* Problem details *
Transcribe word for word the section of the records below that opens with the line containing "感恩节毛绒花朵气球花朵矢量元素" and closes with the line containing "Chậu Rửa Mặt Lavabo TOTO LT548#W Âm Bàn - 5"; drop every picture.

* Given data *
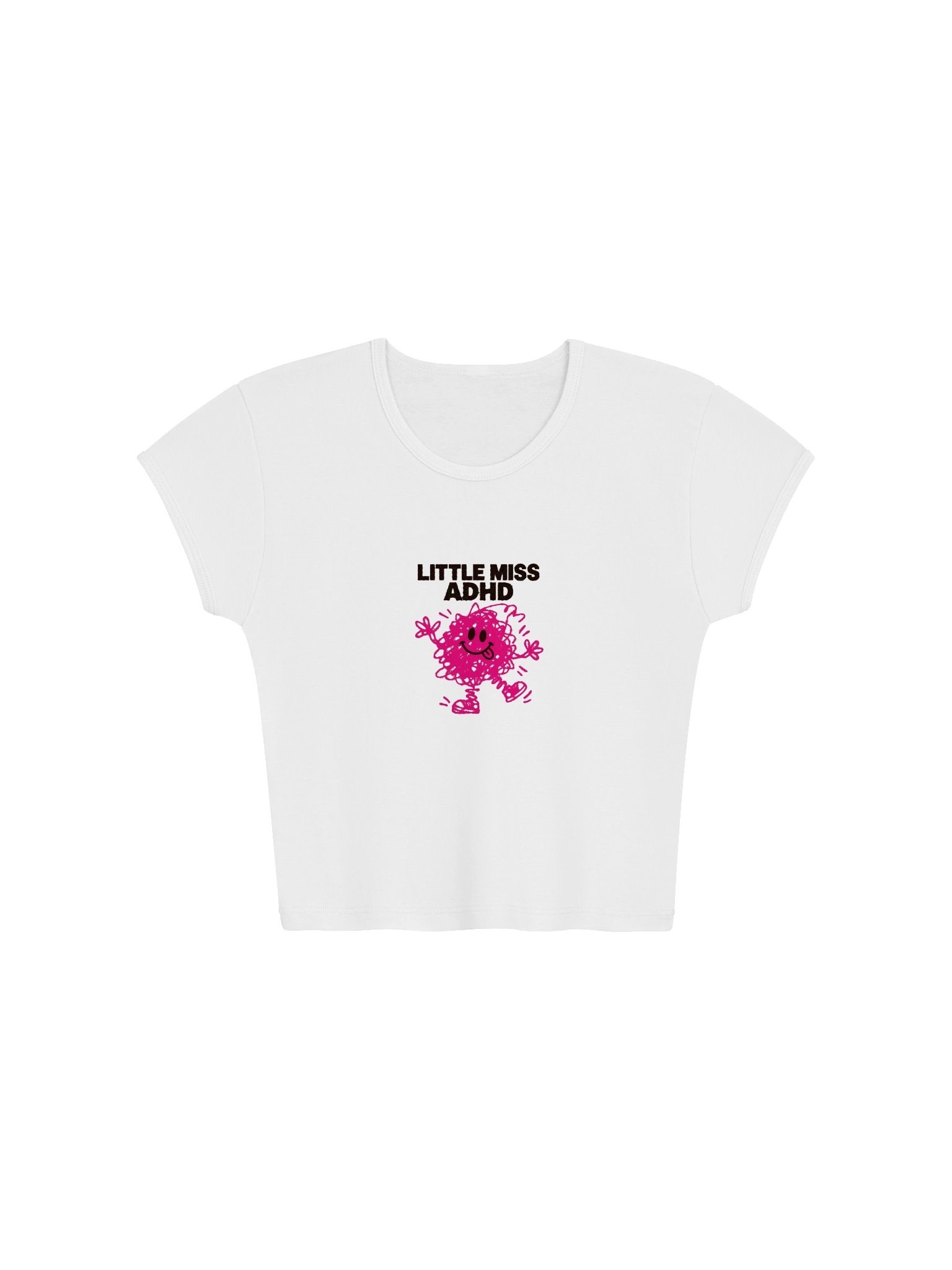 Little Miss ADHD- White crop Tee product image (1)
...
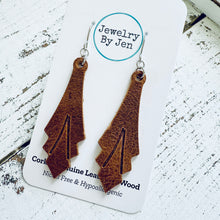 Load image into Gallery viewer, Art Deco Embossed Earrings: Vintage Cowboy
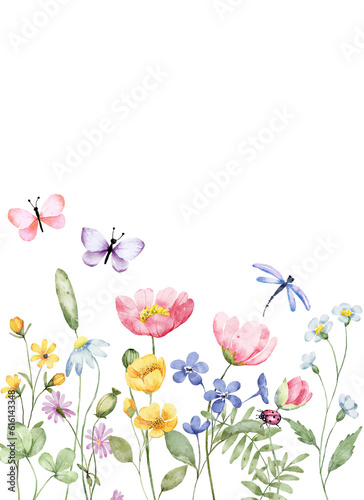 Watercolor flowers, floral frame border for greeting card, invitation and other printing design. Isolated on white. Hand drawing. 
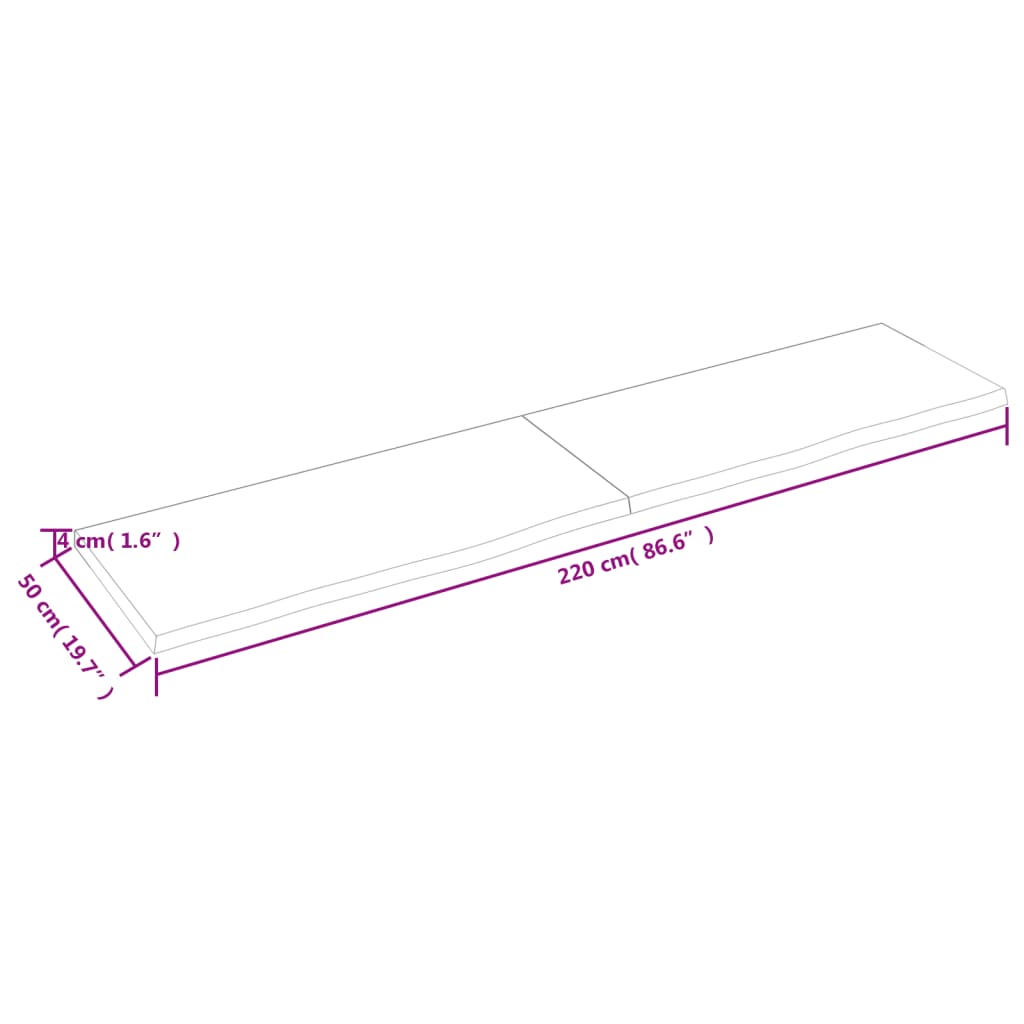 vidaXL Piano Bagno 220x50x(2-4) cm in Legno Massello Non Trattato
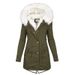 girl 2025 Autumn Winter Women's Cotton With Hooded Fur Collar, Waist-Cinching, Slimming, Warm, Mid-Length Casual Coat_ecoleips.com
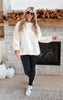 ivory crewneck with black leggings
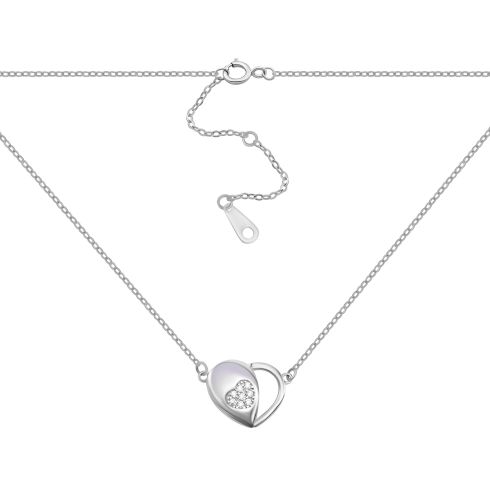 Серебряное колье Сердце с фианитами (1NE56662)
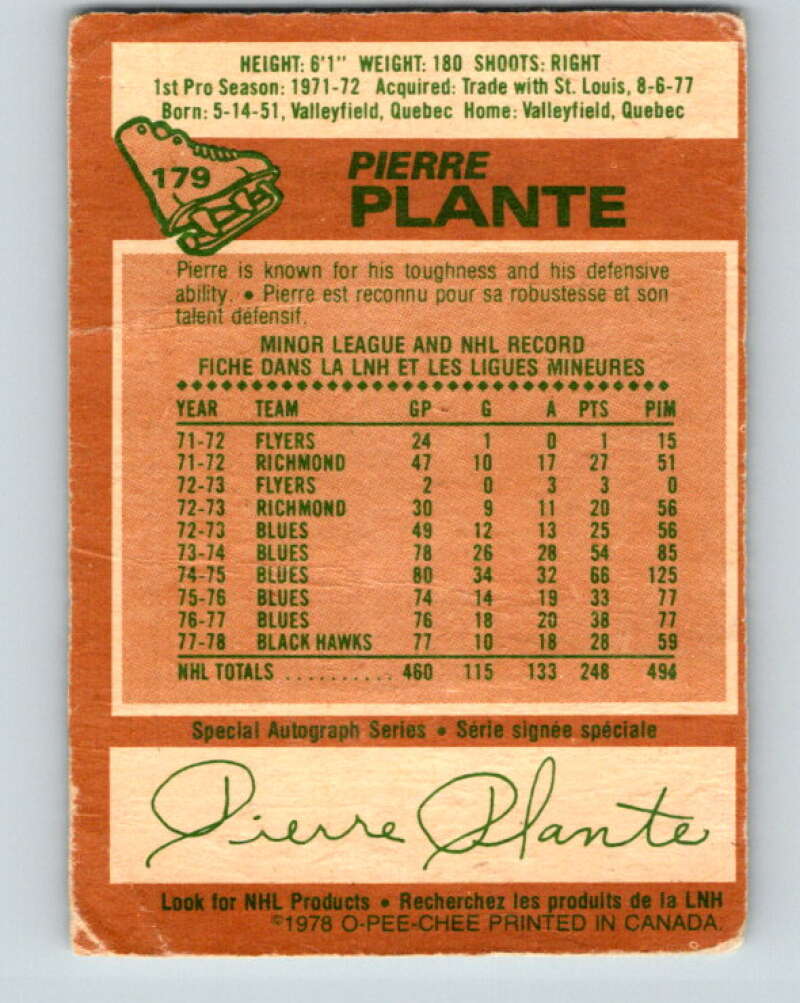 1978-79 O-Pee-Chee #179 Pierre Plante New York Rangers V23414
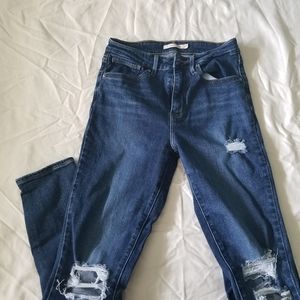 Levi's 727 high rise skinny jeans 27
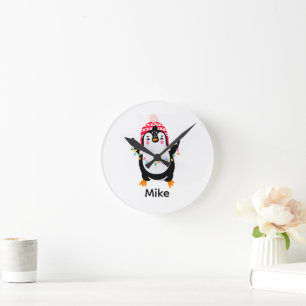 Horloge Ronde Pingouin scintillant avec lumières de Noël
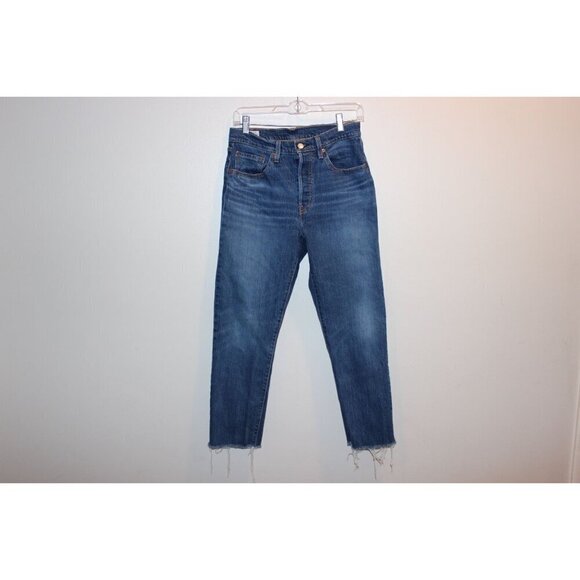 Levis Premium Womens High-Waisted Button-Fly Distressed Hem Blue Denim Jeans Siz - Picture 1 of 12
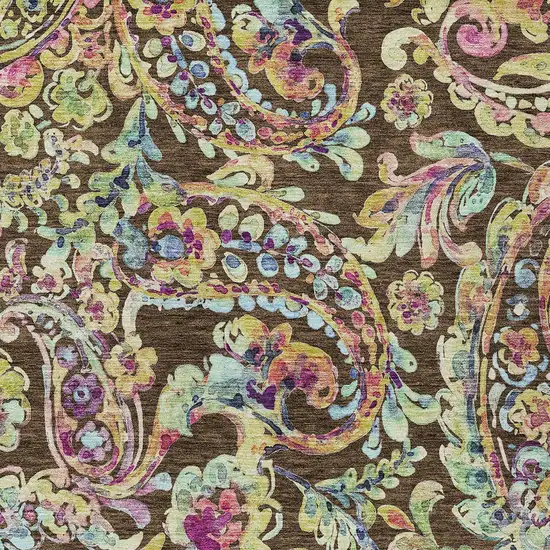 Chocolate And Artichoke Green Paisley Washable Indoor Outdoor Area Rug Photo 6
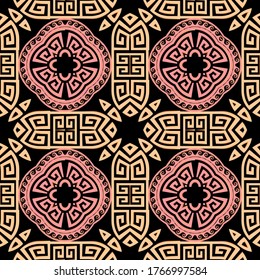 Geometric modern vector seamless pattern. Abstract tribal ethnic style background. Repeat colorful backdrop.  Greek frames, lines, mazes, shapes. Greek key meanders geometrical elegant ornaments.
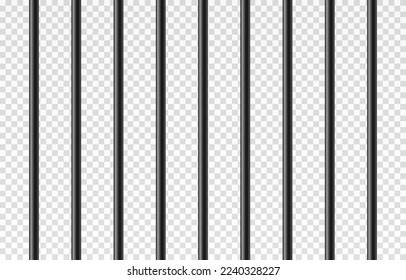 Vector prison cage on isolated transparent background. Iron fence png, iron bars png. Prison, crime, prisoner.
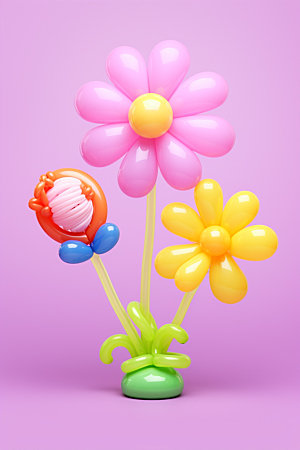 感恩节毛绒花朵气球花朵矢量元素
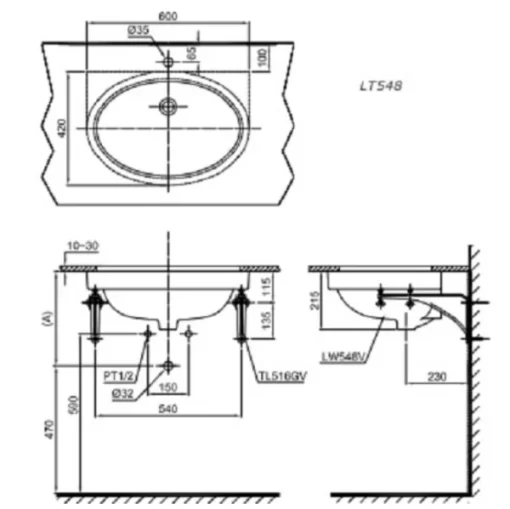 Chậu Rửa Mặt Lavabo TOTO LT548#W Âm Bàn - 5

* Answer to the problem *
 感恩节毛绒花朵气球花朵矢量元素
 Chậu Rửa Mặt Lavabo TOTO LT548#W Âm Bàn - 5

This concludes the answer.